* Recorded data:
⟨
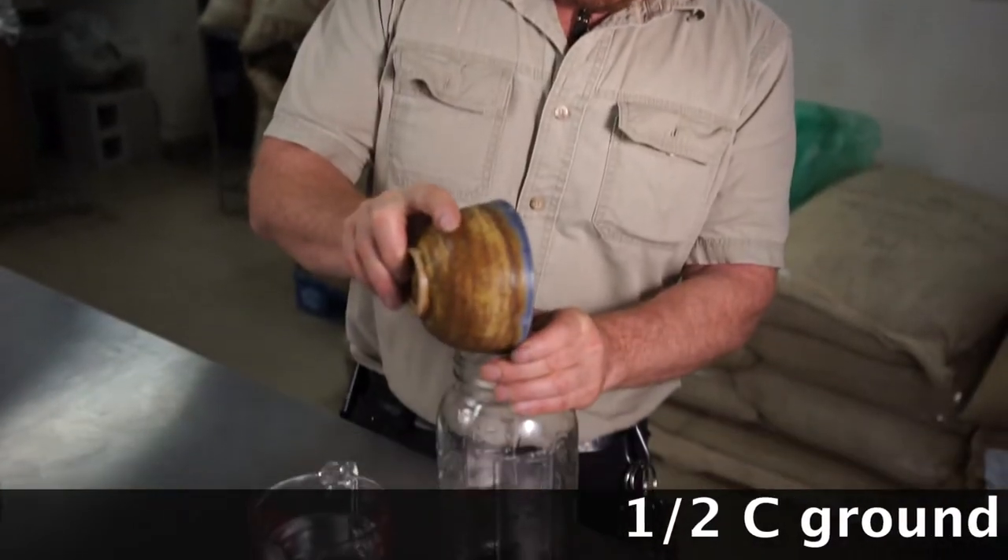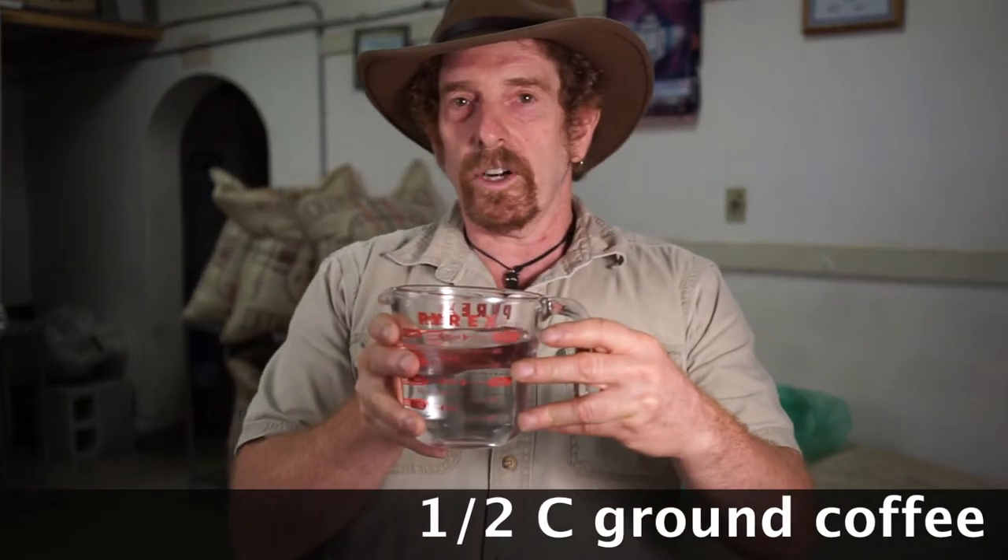Take a jar, your favorite coffee, and cold water. Let's start with a half a cup of coffee and two cups of water.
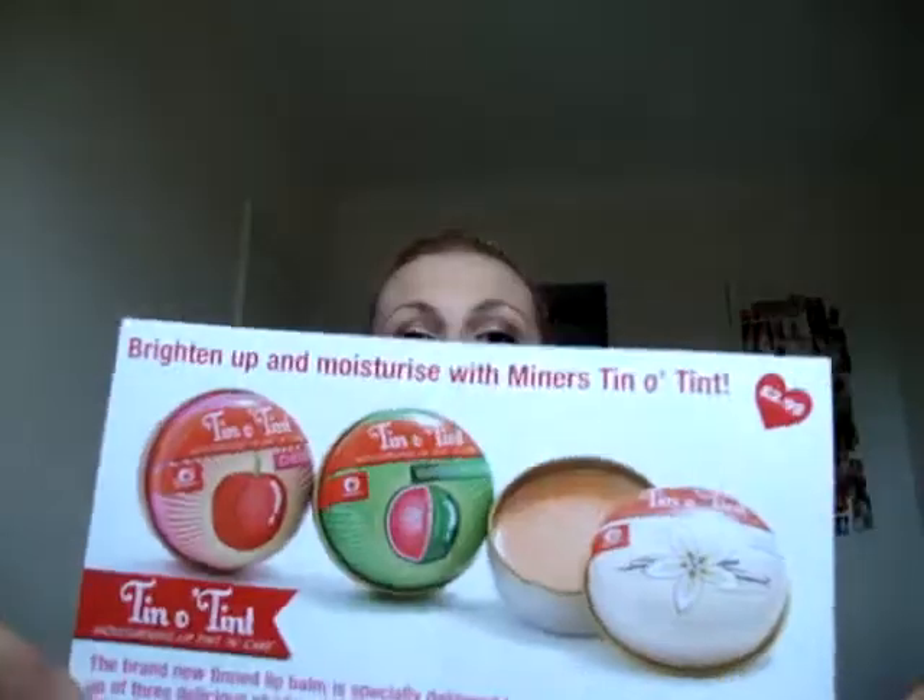My first video is going to be on some new Miners lip tints that I've received. I do get them because I'm on a press list, so they're just sent to me for free when they come out. But obviously I'm going to give you an honest review. These are the lip tints — it says 'brighten up and moisturise with Miners Tinto Tint.' They're $2.99 each, and that's kind of the little advertising thing.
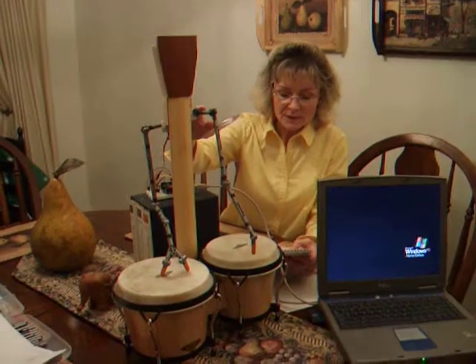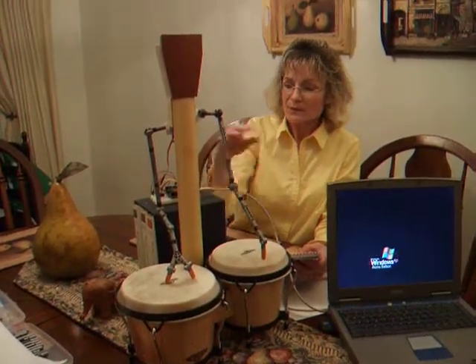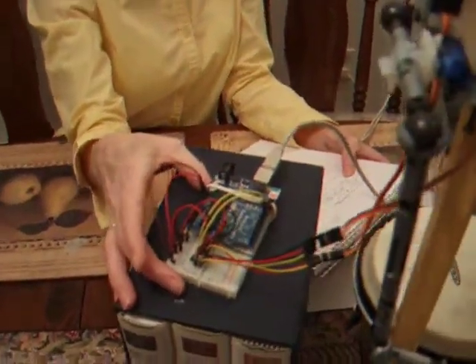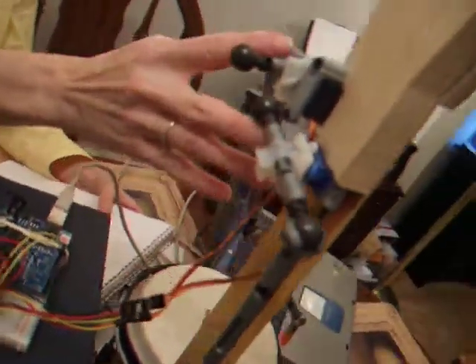His arms are made of structs and of course the bongo drums. We used an ATMega 328 Arduino board which I wired to a breadboard to operate two servos to operate his arms.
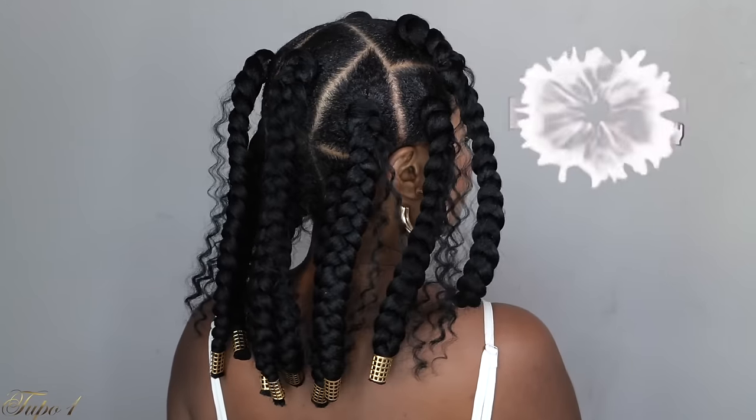Hey guys, welcome back to my channel. It's your girl Tupo. If you're new here, welcome. Please subscribe, like, comment, give me a thumbs up guys. Today I'm going to show you the easiest way you can achieve these jumbo box braids. If you guys want to see how I achieve this look, please continue watching.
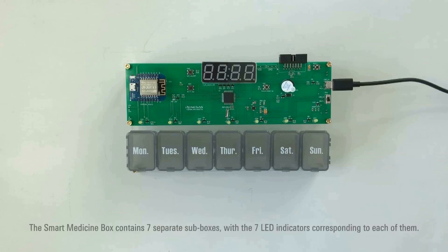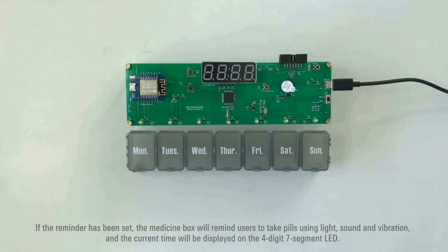The Smart Medicine Box contains 7 separate sub-boxes, with 7 LED indicators corresponding to each of them. If a reminder has been set, the medicine box will remind users to take pills using light, sound, and vibration. The current time will be displayed on the 4-digit 7-segment LED.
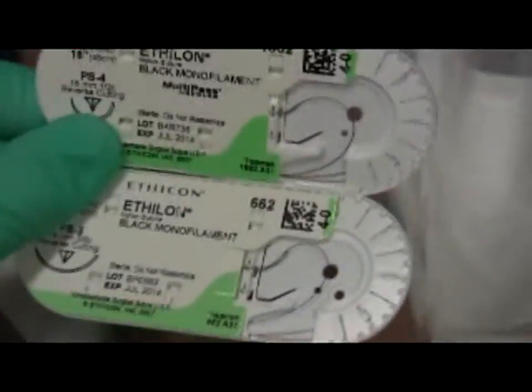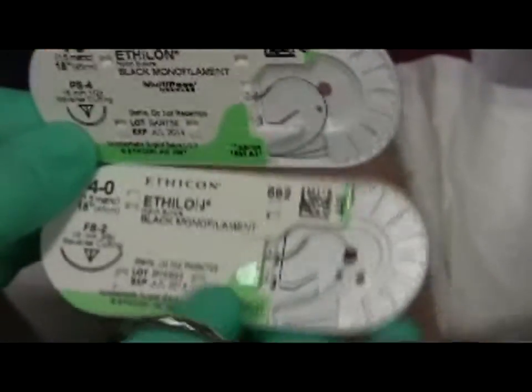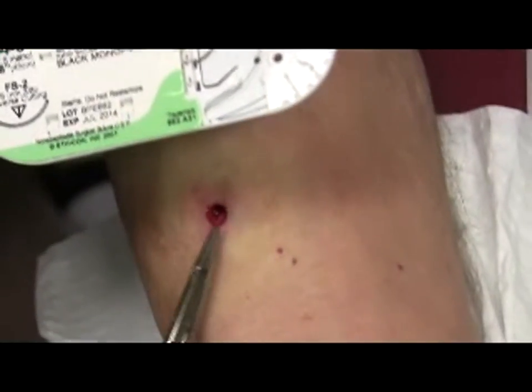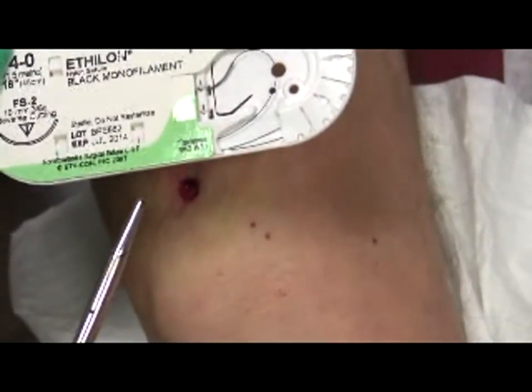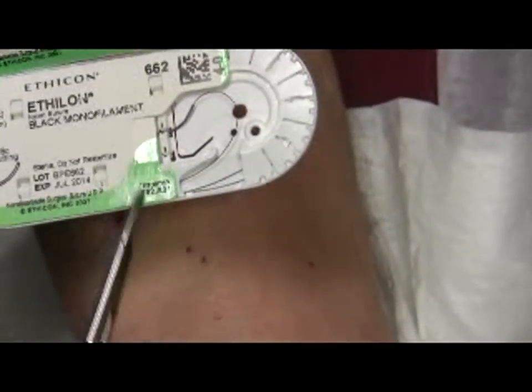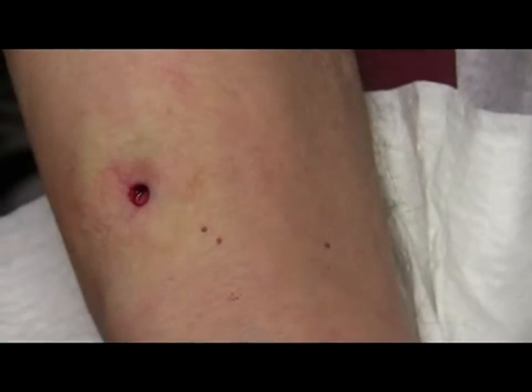You have two flavors of stitches you can use. You can use a larger needle or a smaller needle. In this case it's kind of arbitrary. For the purposes of this video, I'm going to use a larger needle so that people can see what's going on.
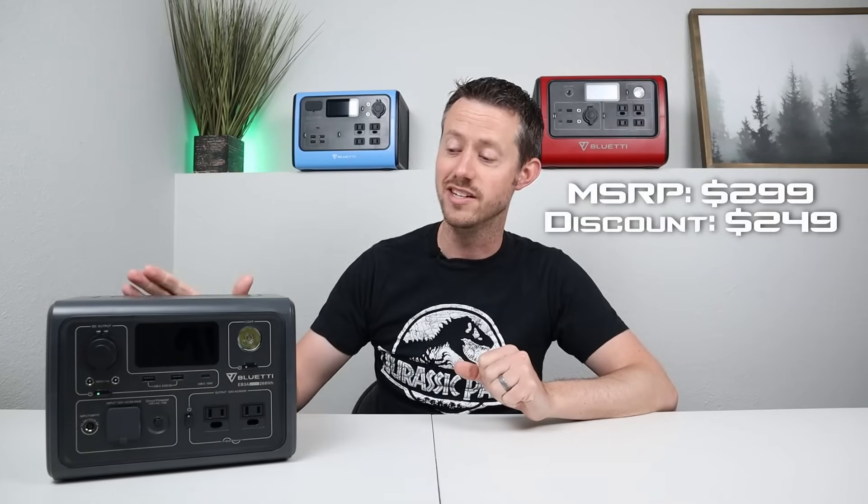It does have lithium iron phosphate chemistry inside, so you get 2000 life cycles down to 80%. So after using it 2000 times, you can still have 80% of the original capacity. This comes in priced at $299 on Bluetti's website, but for a limited time you can pick it up for $249, which is a decent price.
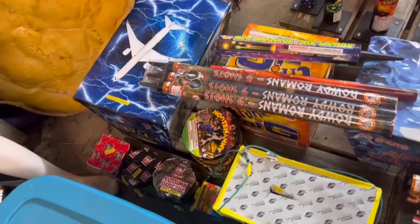All right, you guys, the time has come to do the entire stash video of my 2023 fireworks show. I'm not really sure how I'm going to do this because I don't have everything stacked up in giant walls like I did last year, explaining everything one by one. This year I kind of have everything set up and ready to go. I've kind of been behind the eight ball on doing videos, so we'll see how it goes.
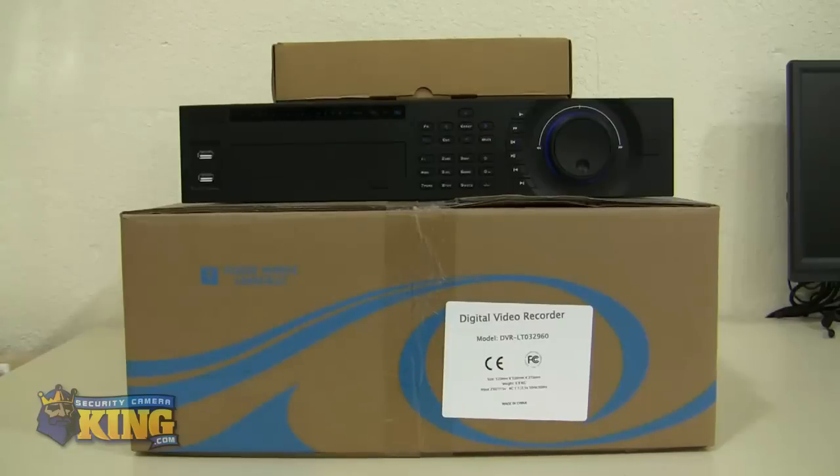This is a video demonstration of our DDRLT32 channel. I'm going to be showing you what comes inside the box and some of the features of the unit.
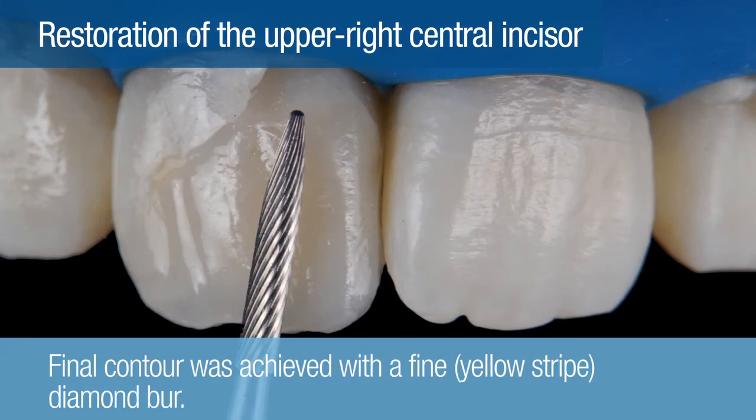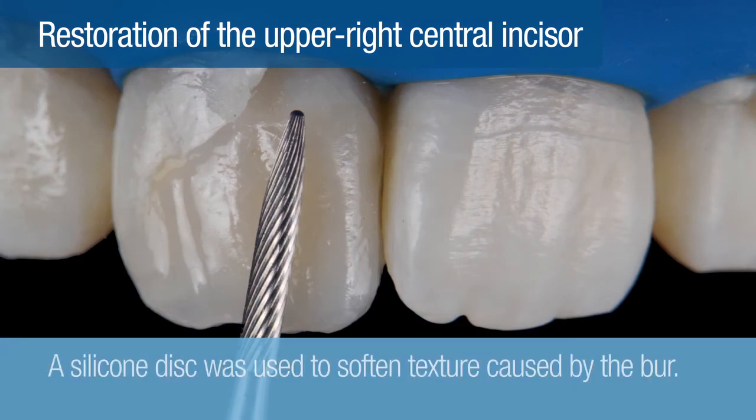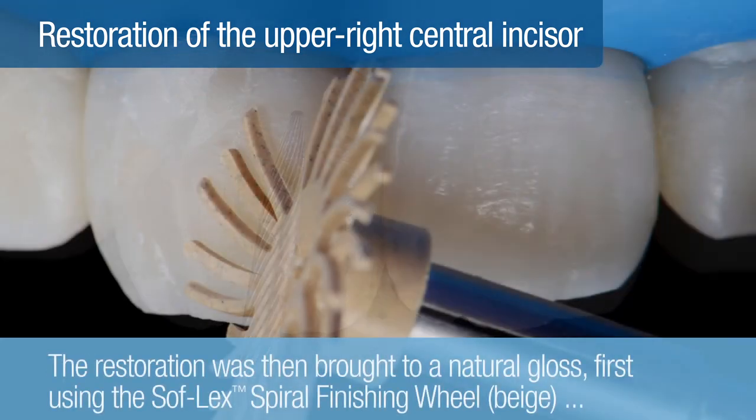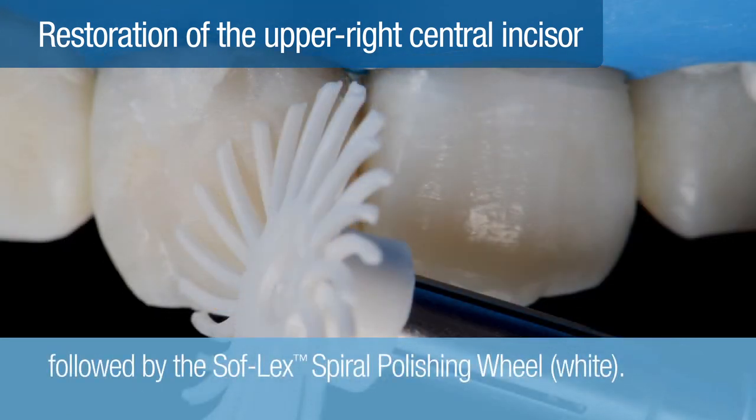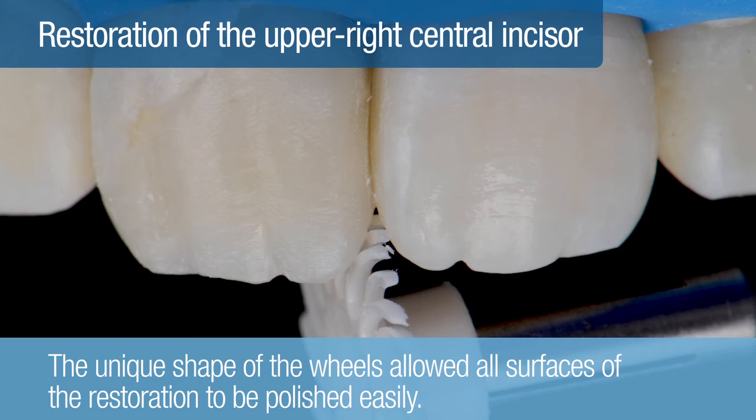Final contour was achieved with a fine yellow stripe diamond burr. A silicone disc was used to soften texture caused by the diamond burr. The restoration was then brought to a natural gloss, first using a beige Soflex spiral finishing wheel, followed by the white Soflex spiral polishing wheel. The unique shape of the wheels allowed all surfaces of the restoration to be polished easily, saving time.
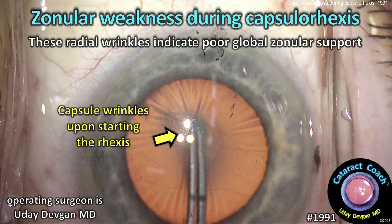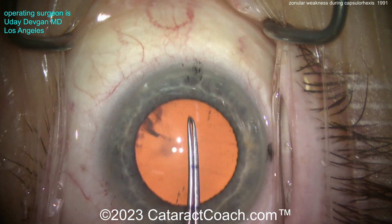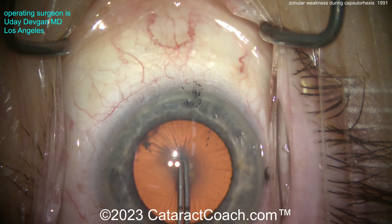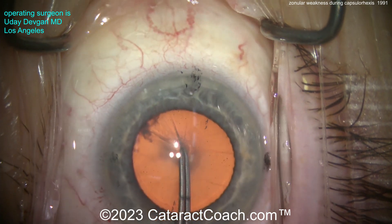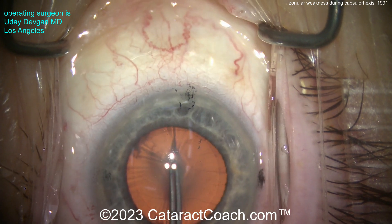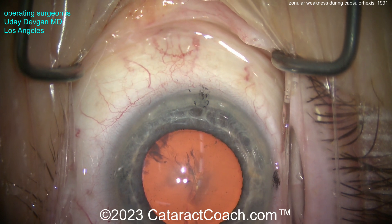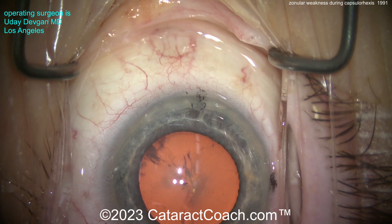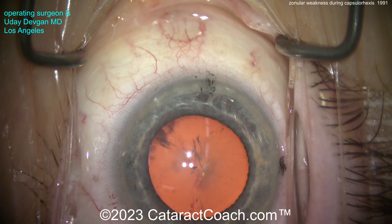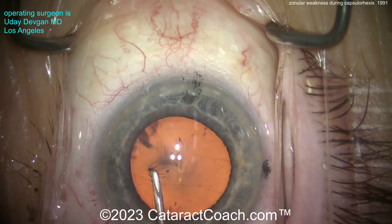cataractcoach.com. Zonular weakness during capsulorhexis. These radial wrinkles indicate poor global zonular support. Let me show you the case here. Relatively small eye, about a 5mm pupil. We try to poke in with the forceps — this is what I always do — and look how loose the lens capsule is. It's so loose that I'm unable to poke in with my forceps, like I do 99% of the time. So that's a good hint that there's global zonular weakness. I'll use a sharp cystotome to puncture the lens capsule.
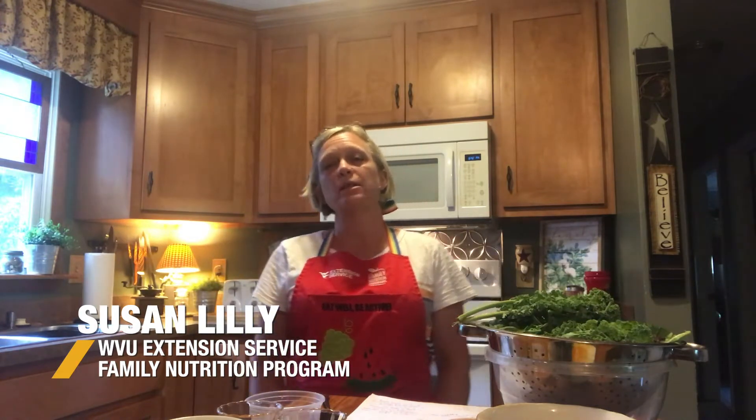Hi, my name is Susan Lilly, and I'm with WVU Extension Service in the Family Nutrition Program. Today, I'd like to share a recipe with you.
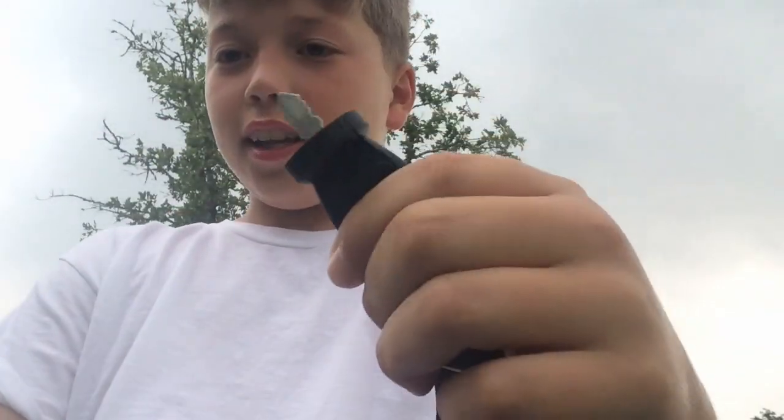Alright, here we go. Now I've got to start it up. I've got the keys right here. I've got to start it up. Ready? Let's go! That works.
⟩
* TO DO:
Your copy must match the records above exactly, apart from the pictures, which are excluded.

* RESPONSE TO THIS TASK:
Take a jar, your favorite coffee, and cold water. Let's start with a half a cup of coffee and two cups of water.
My first video is going to be on some new Miners lip tints that I've received. I do get them because I'm on a press list, so they're just sent to me for free when they come out. But obviously I'm going to give you an honest review. These are the lip tints — it says 'brighten up and moisturise with Miners Tinto Tint.' They're $2.99 each, and that's kind of the little advertising thing.
His arms are made of structs and of course the bongo drums. We used an ATMega 328 Arduino board which I wired to a breadboard to operate two servos to operate his arms.
Hey guys, welcome back to my channel. It's your girl Tupo. If you're new here, welcome. Please subscribe, like, comment, give me a thumbs up guys. Today I'm going to show you the easiest way you can achieve these jumbo box braids. If you guys want to see how I achieve this look, please continue watching.
The Smart Medicine Box contains 7 separate sub-boxes, with 7 LED indicators corresponding to each of them. If a reminder has been set, the medicine box will remind users to take pills using light, sound, and vibration. The current time will be displayed on the 4-digit 7-segment LED.
You have two flavors of stitches you can use. You can use a larger needle or a smaller needle. In this case it's kind of arbitrary. For the purposes of this video, I'm going to use a larger needle so that people can see what's going on.
It does have lithium iron phosphate chemistry inside, so you get 2000 life cycles down to 80%. So after using it 2000 times, you can still have 80% of the original capacity. This comes in priced at $299 on Bluetti's website, but for a limited time you can pick it up for $249, which is a decent price.
All right, you guys, the time has come to do the entire stash video of my 2023 fireworks show. I'm not really sure how I'm going to do this because I don't have everything stacked up in giant walls like I did last year, explaining everything one by one. This year I kind of have everything set up and ready to go. I've kind of been behind the eight ball on doing videos, so we'll see how it goes.
This is a video demonstration of our DDRLT32 channel. I'm going to be showing you what comes inside the box and some of the features of the unit.
Final contour was achieved with a fine yellow stripe diamond burr. A silicone disc was used to soften texture caused by the diamond burr. The restoration was then brought to a natural gloss, first using a beige Soflex spiral finishing wheel, followed by the white Soflex spiral polishing wheel. The unique shape of the wheels allowed all surfaces of the restoration to be polished easily, saving time.
cataractcoach.com. Zonular weakness during capsulorhexis. These radial wrinkles indicate poor global zonular support. Let me show you the case here. Relatively small eye, about a 5mm pupil. We try to poke in with the forceps — this is what I always do — and look how loose the lens capsule is. It's so loose that I'm unable to poke in with my forceps, like I do 99% of the time. So that's a good hint that there's global zonular weakness. I'll use a sharp cystotome to puncture the lens capsule.
Hi, my name is Susan Lilly, and I'm with WVU Extension Service in the Family Nutrition Program. Today, I'd like to share a recipe with you.
Alright, here we go. Now I've got to start it up. I've got the keys right here. I've got to start it up. Ready? Let's go! That works.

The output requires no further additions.